The solution of the medicinal globule (and it is rarely necessary
to use more than one globule) of a thoroughly potentized medicine
in a large quantity of water can be obviated by making a solution
in only 7-8 tablespoons of water and after thorough succussion of
the vial take from it one tablespoon and put it in a glass of water
(containing about 7 to 8 spoonfuls), this stirred thoroughly and
then given a dose to the patient. If he is unusually excited and
sensitive, a teaspoon of this solution may be put in a second glass
of water, thoroughly stirred and teaspoonful doses or more be given.
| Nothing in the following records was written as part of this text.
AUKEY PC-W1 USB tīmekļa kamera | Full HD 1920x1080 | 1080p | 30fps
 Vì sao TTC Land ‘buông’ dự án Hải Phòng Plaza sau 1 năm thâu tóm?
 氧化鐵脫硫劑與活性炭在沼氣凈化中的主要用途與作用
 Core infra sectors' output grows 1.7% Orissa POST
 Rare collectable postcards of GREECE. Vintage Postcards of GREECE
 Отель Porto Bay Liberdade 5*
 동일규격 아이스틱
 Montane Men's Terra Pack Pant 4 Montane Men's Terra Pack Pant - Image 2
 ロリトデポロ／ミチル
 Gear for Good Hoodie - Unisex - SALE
There are patients of so great sensitiveness that a third or fourth
glass, similarly prepared, may be necessary. Each such prepared
glass must be made fresh daily. the globule of the high potency
is best crushed in a few grains of sugar of milk which the patient
can put in the vial and be dissolved in the requisite quantity of
water.
§ 249
Every medicine prescribed for a case of disease which, in the course
of its action, produces new and troublesome symptoms not appertaining
to the disease to be cured, is not capable of effecting real improvement,1
and cannot be considered as homoeopathically selected; it must,
therefore, either, if the aggravation be considerable, be first
partially neutralized as soon as possible by an antidote before
giving the next remedy chosen more accurately according to similarity
of action; or if the troublesome symptoms be not very violent, the
next remedy must be given immediately, in order to take the place
of the improperly selected one.2
1 As all experience shows that the dose of
the specially suited homoeopathic medicine can scarcely be prepared
too small to effect perceptible amelioration in the disease for
which it is appropriate (§§ 275-278), we should act injudiciously
and hurtfully were we when no improvement, or some, though it be
even slight, aggravation ensues, to repeat or even increase the
dose of the same medicine, as is done in the old system, under the
delusion that it was not efficacious on account of its small quantity
(its too small dose). Every aggravation by the production of new
symptoms - when nothing untoward has occurred in the mental or physical
regimen - invariably proves unsuitableness on the part of the medicine
formerly given in the case of disease before us, but never indicates
that the dose has been too weak.
2 The well informed and conscientiously careful
physician will never be in a position to require an antidote in
his practice if he will begin, as he should, to give the selected
medicine in the smallest possible dose. Like minute doses of a better
chosen remedy will re-establish order throughout.
§ 250
When, to the observant practitioner who accurately investigates
the state of the disease, it is evident, in urgent cases after the
lapse of only six, eight or twelve hours, that he has made a bad
selection in the medicine last given, in that the patient’s state
is growing perceptibly, however slightly, worse from hour to hour,
by the occurrence of new symptoms and sufferings, it is not only
allowable for him, but it is his duty to remedy his mistake, by
the selection and administration of a homoeopathic medicine not
merely tolerably suitable, but the most appropriate possible for
the existing state of the disease (§ 167).